Nelle elezioni legislative sudafricane dell’8 maggio l’ANC ha di fatto subìto un arretramento trasformando un successo in una “vittoria mutilata”.
I dati diffusi dalla Commissione elettorale indicano infatti che l’African National Congress, che fu a lungo diretto da Nelson Mandela, è sceso al 57,5% delle preferenze, (solo cinque anni fa aveva toccato il 62,1% e nel 2009 aveva il 65,9%) e conquistato 230 dei 400 seggi della camera bassa del Parlamento di Città del Capo (nel 2014 ne aveva vinti 249).
Altro dato rilevante, che dimostra come stia aumentando la disaffezione alla politica e la delusione per il governo dell’ANC, è il netto calo dell’affluenza: nel 2014 aveva votato il 73,4%, l’8 maggio solo il 66%.
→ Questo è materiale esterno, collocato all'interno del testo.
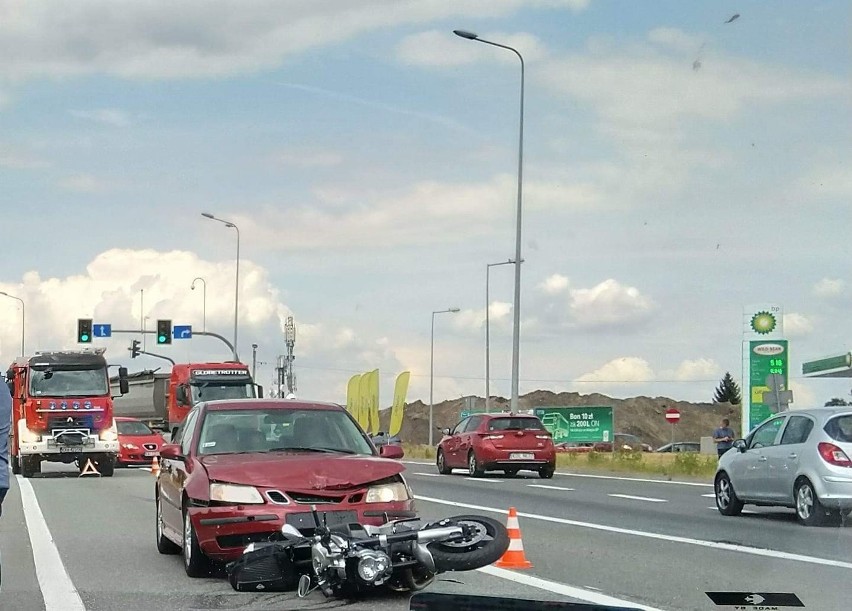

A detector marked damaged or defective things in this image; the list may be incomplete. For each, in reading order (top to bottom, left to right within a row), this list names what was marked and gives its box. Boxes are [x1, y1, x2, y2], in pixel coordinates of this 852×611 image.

crashed red car [116, 418, 166, 466]
crashed red car [154, 400, 412, 576] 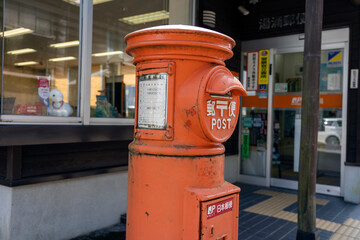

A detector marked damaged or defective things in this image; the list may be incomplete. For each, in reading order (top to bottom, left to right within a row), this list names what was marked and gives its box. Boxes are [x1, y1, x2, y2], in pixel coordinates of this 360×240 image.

rust stain on postbox [125, 24, 246, 240] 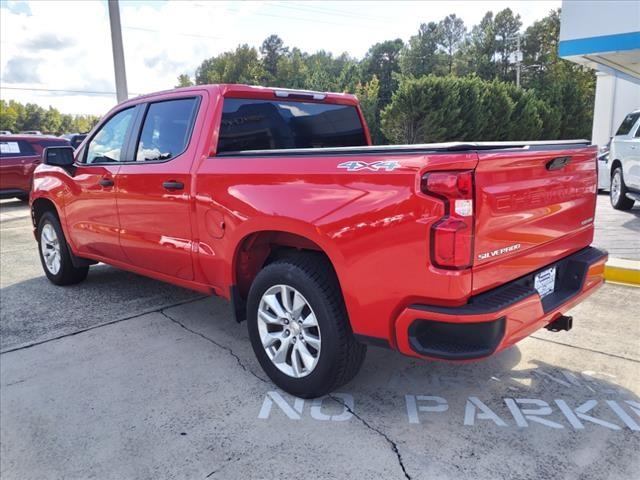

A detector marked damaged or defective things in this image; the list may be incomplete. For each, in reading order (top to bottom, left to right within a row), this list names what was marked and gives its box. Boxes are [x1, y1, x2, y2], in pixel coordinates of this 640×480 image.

asphalt crack [161, 310, 272, 384]
asphalt crack [328, 394, 412, 480] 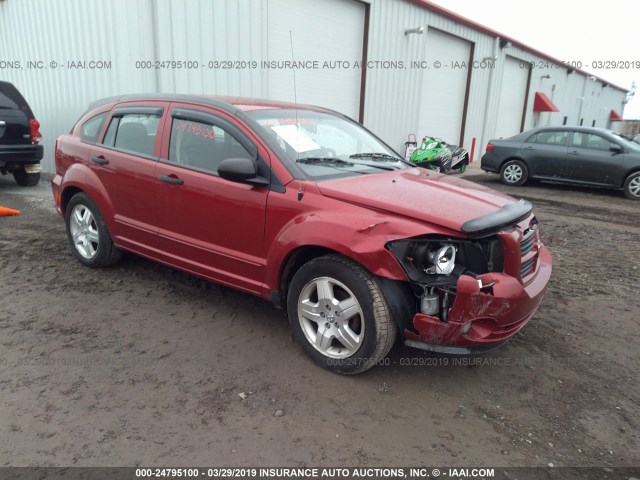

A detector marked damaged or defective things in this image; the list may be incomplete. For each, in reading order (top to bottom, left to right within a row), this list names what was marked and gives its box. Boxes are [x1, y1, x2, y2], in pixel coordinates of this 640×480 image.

red damaged car [51, 94, 552, 376] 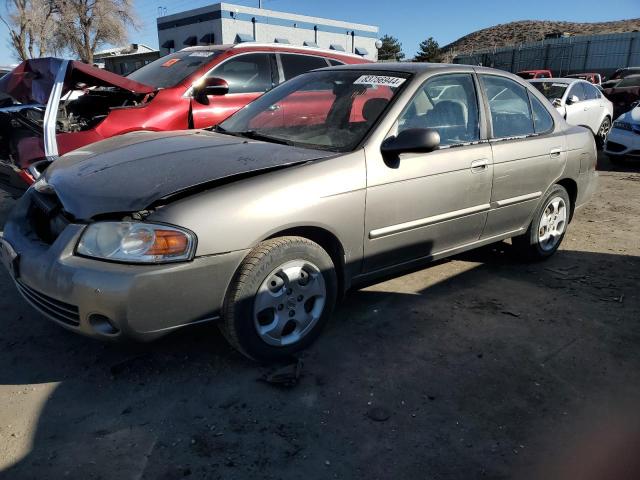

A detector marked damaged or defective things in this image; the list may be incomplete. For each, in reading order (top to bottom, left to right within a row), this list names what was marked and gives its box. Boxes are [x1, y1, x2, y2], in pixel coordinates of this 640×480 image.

red crashed car [0, 43, 368, 195]
damaged front bumper [1, 188, 248, 342] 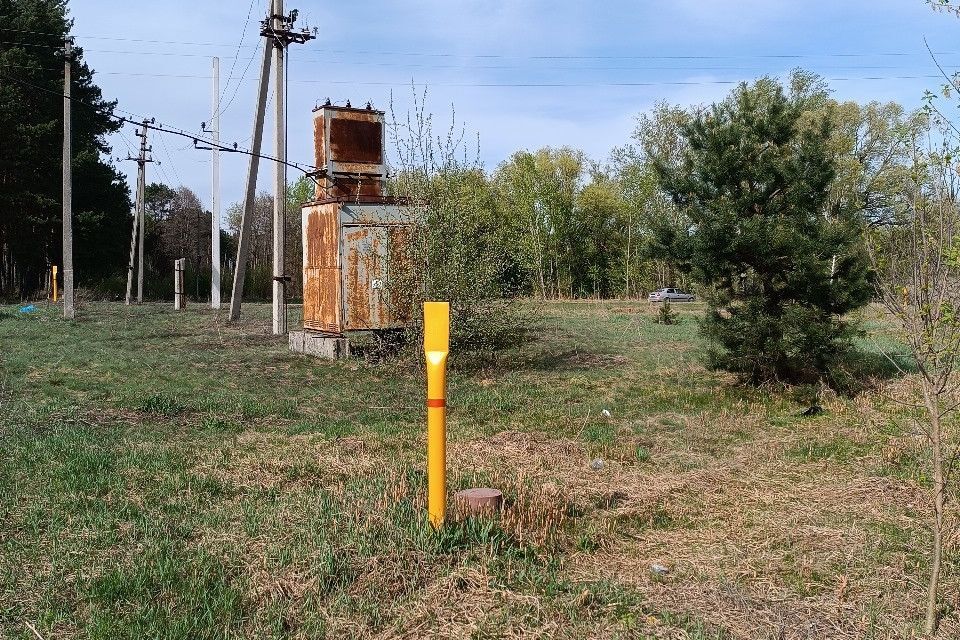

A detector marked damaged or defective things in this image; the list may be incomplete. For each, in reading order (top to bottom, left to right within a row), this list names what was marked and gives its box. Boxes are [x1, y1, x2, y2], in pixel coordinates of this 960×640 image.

rusty metal substation [292, 102, 412, 358]
rusty transformer box [300, 102, 412, 338] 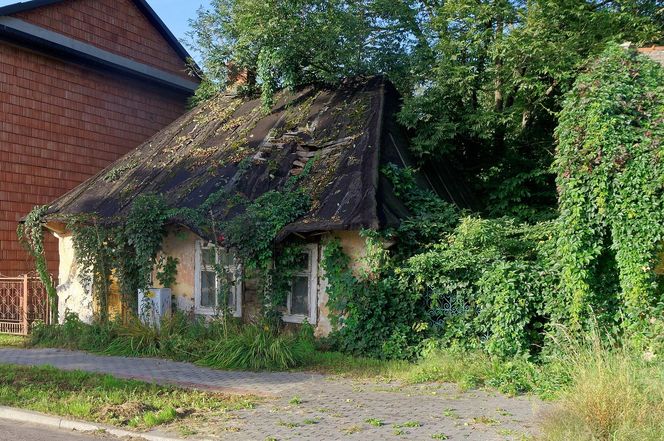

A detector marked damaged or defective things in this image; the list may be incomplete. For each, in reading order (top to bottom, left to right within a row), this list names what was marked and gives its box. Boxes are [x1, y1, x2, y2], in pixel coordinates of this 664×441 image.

rusty iron gate [0, 274, 50, 332] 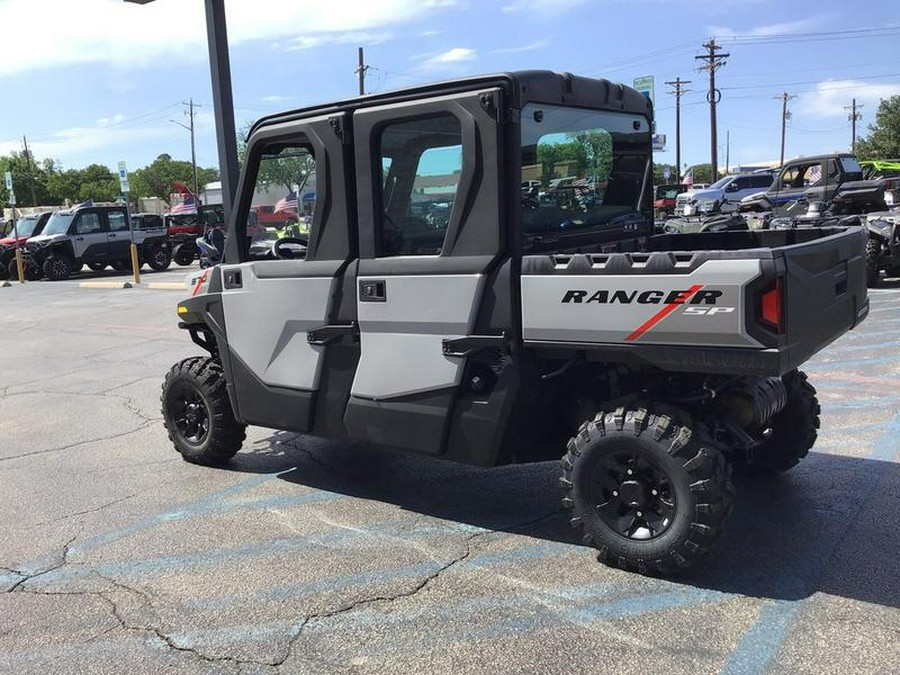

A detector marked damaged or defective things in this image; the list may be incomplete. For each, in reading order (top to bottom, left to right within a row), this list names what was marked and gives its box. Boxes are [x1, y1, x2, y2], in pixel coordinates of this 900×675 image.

Le altre principali liste in lizza hanno registrato risultati alterni: la Democratic Alliance (DA), guidata da Mmusi Maimane, 38 anni, è scesa dal 22,2 al 20,8%, eleggendo 84 deputati (-5), mentre un vero boom han fatto registrare gli Economic Freedom Fighters passati dal 6,4 al 10,8, conquistando 19 seggi in più rispetto a 5 anni fa.
Il loro leader Julius Malema, anch’egli 38 anni, sapendo di trovare orecchie attente all’interno dell’ANC, dove è forte una corrente massimalista, predica nuove nazionalizzazioni e chiede che le terre dei farmers bianchi vengano redistribuite ai disoccupati neri.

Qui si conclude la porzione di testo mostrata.